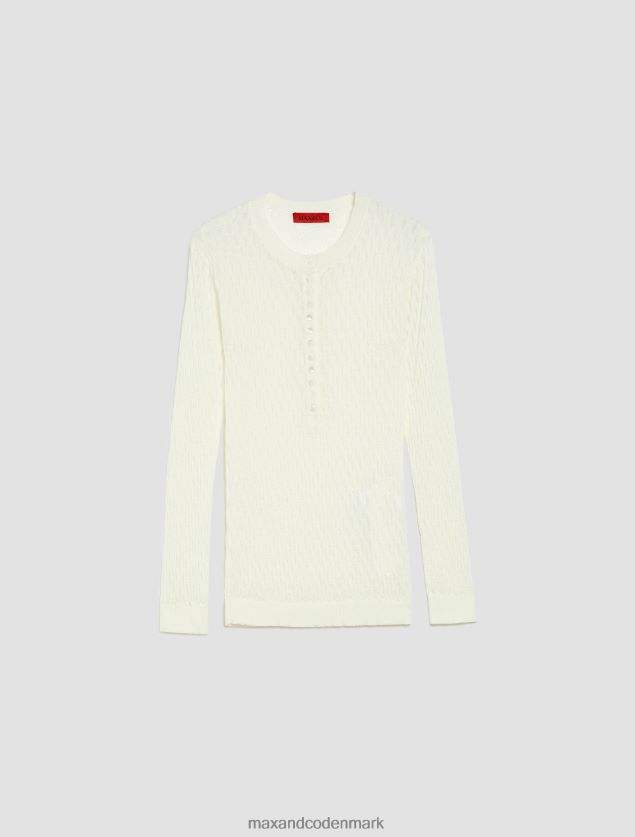 Kvinder mennesker, steder, farve strikket trøje MAX&Co. Himmelblå B2Z2T6321 beklædning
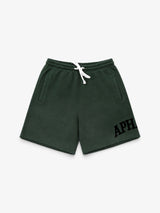 Washed Green 'Campus' Sweatshorts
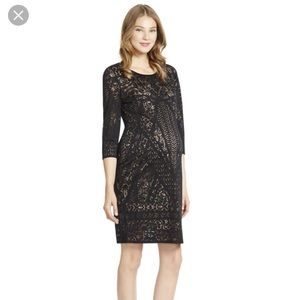 Jessica Simpson maternity dress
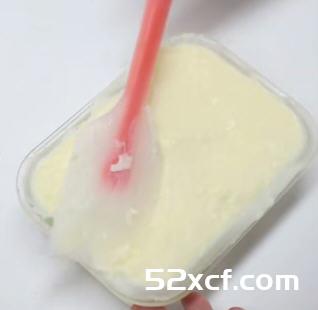 牛奶芒果小方做法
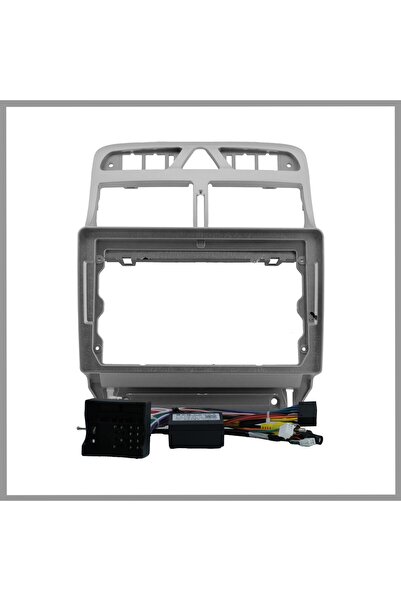 GOVİMAKS PEUGEOT 307 2001-2008 UYUMLU GÜMÜŞ 9 INC ANDROID MULTİMEDYA ÇERÇEVESİ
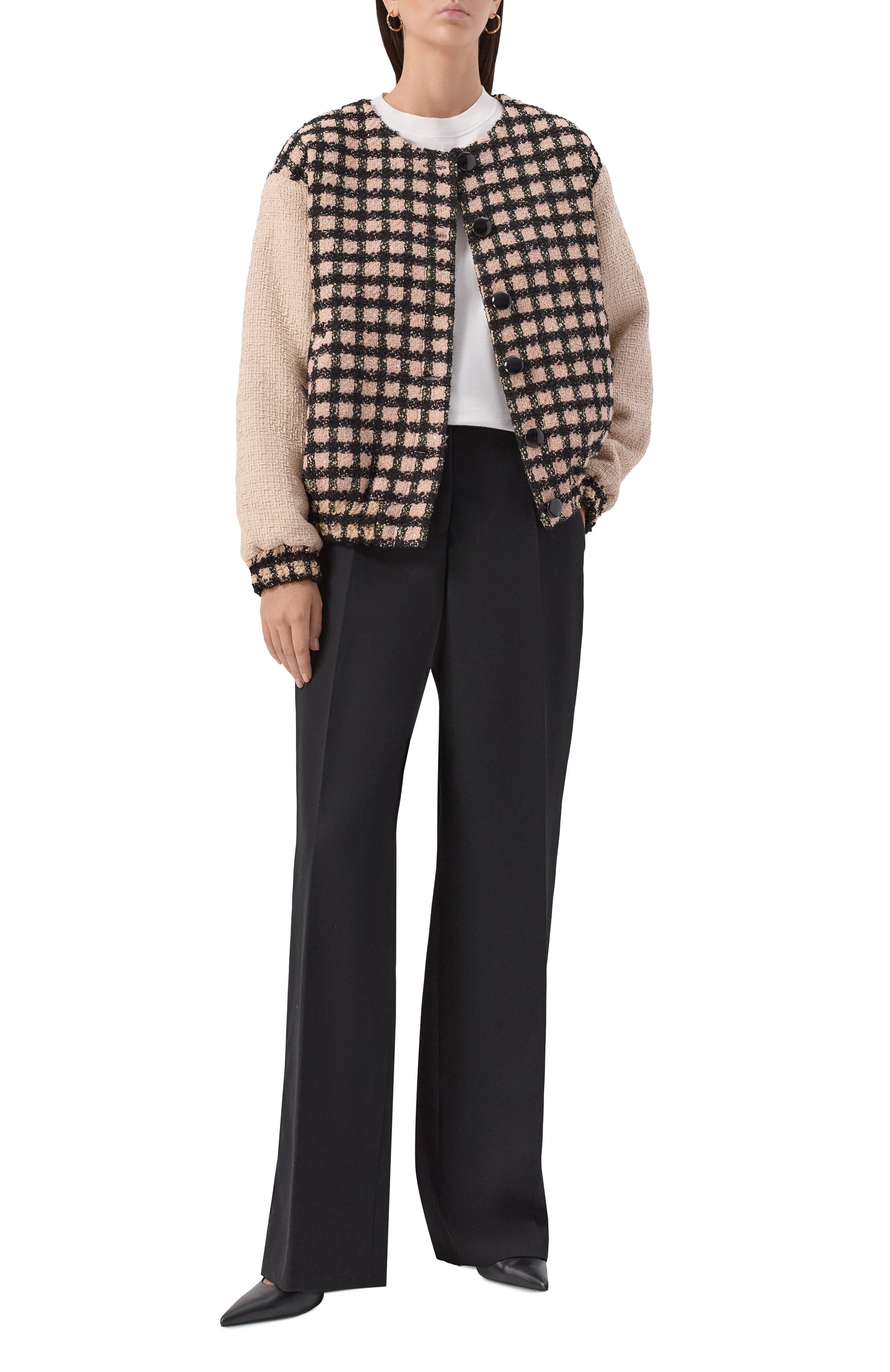 Бомбер из вискозы и хлопка BOTROIS, арт. SKU00099431, фото 2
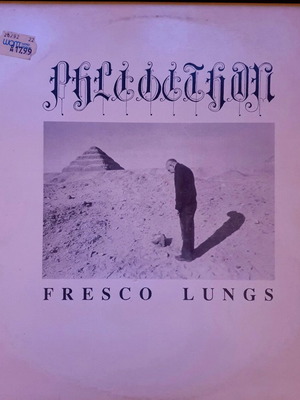 Phlegethon Fresco Lungs 12" βινύλιο σαν καινούργιο, death doom metal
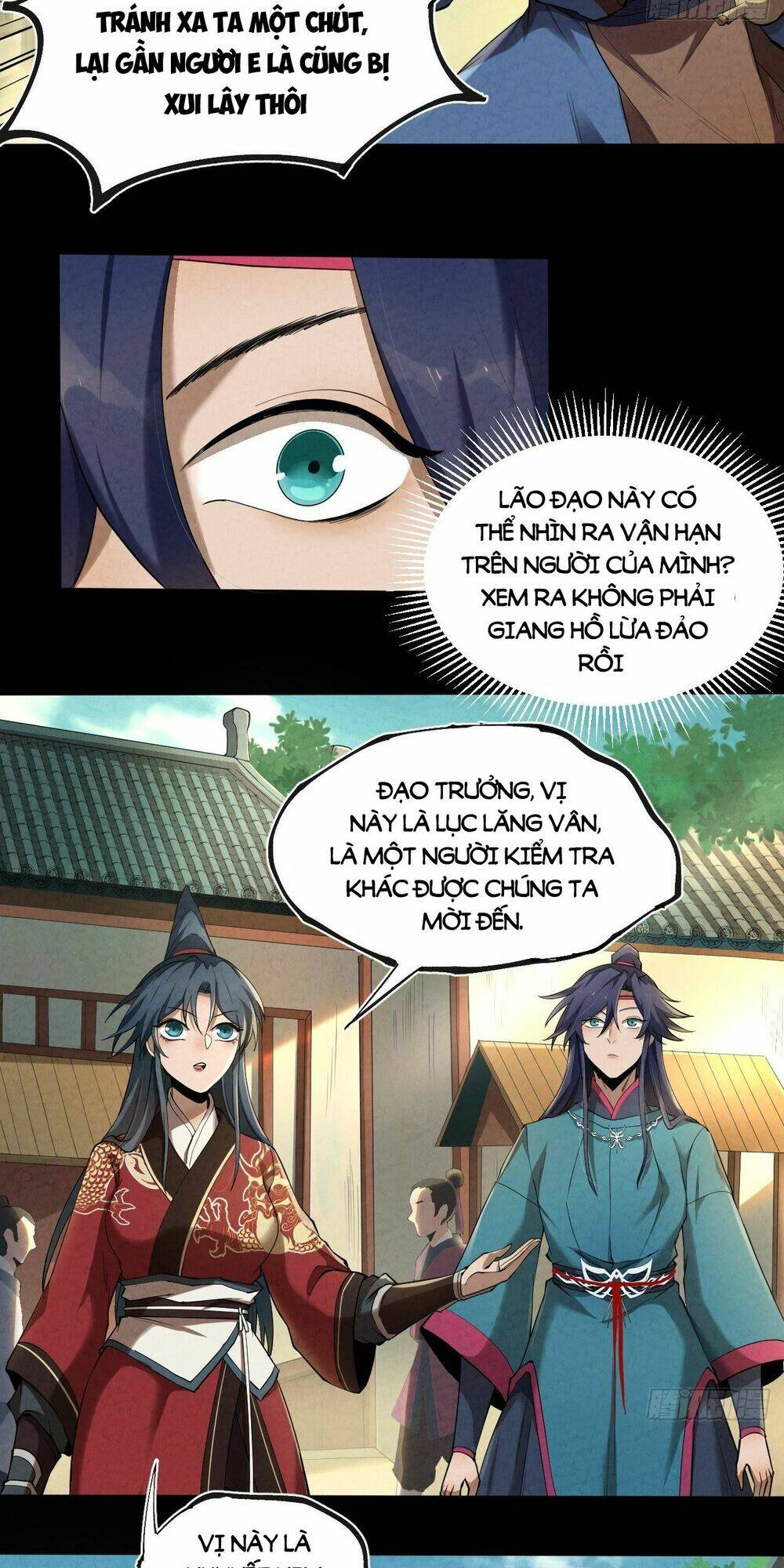 Đại Hoang Tịch Tà Ti: Chapter 6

> _PROBLEM TO SOLVE_: Return the whole of the material above exactly, with no picture carried over.

> _COMPLETED TASK_:
 Kvinder mennesker, steder, farve strikket trøje MAX&Co. Himmelblå B2Z2T6321 beklædning
 Washed Green 'Campus' Sweatshorts
 Jessica Simpson maternity dress
 牛奶芒果小方做法
 GOVİMAKS PEUGEOT 307 2001-2008 UYUMLU GÜMÜŞ 9 INC ANDROID MULTİMEDYA ÇERÇEVESİ
 Бомбер из вискозы и хлопка BOTROIS, арт. SKU00099431, фото 2
 Phlegethon Fresco Lungs 12" βινύλιο σαν καινούργιο, death doom metal
 Đại Hoang Tịch Tà Ti: Chapter 6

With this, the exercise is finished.